Their affair was exposed in the News of the World, media baron Rupert Murdoch's now-defunct weekly tabloid.
Huhne broke the news to his wife of 26 years and mother of his three children during half-time of a World Cup football match. They divorced the following year.
Pryce apparently became obsessed with getting revenge on Huhne and the court heard that with a lawyer friend she cooked up a plot to “nail’’ her ambitious ex-husband by revealing the speeding points scam.
Allegations that Huhne passed speeding points to an unidentified person ran in two British newspapers in May 2011. Huhne and Pryce were both arrested and were charged with perverting the course of justice in February 2012.
Pryce's defense of coercion relied on arguments that he had pressured her to accept the points.

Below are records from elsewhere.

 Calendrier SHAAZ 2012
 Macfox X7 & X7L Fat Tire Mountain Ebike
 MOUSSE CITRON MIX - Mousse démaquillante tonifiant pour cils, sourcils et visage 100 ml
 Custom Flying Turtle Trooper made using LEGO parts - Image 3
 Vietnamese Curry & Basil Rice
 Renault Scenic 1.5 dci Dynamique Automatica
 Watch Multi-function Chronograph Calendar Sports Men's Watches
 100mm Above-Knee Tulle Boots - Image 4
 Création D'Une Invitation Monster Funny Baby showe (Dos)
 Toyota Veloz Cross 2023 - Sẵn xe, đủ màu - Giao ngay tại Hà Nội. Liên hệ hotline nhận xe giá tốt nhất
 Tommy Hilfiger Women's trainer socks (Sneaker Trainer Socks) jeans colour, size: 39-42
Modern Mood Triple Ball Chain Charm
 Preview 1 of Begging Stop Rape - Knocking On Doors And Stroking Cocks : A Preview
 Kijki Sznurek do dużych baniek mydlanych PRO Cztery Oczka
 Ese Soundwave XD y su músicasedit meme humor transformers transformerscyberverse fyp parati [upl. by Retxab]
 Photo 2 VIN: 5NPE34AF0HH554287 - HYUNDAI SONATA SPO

She also told the trial that during their marriage he bullied her and demanded she have an abortion.
The toll the case had taken on their family was also revealed in painful detail during the trial.
It emerged that Huhne had become estranged from his son who excoriated him for what he had done in a series of searing texts. Pryce's daughter from a previous marriage also backed her against Huhne.
Huhne stood down from the cabinet last year to fight the allegations. He resigned his seat in parliament on February 5 after pleading guilty.
He now joins a hall of shame of jailed British politicians that includes former Conservative minister Jonathan Aitken, who was imprisoned for perjury in 1999, and former Conservative deputy chairman Jeffrey Archer, who was jailed for the same offence in 2001.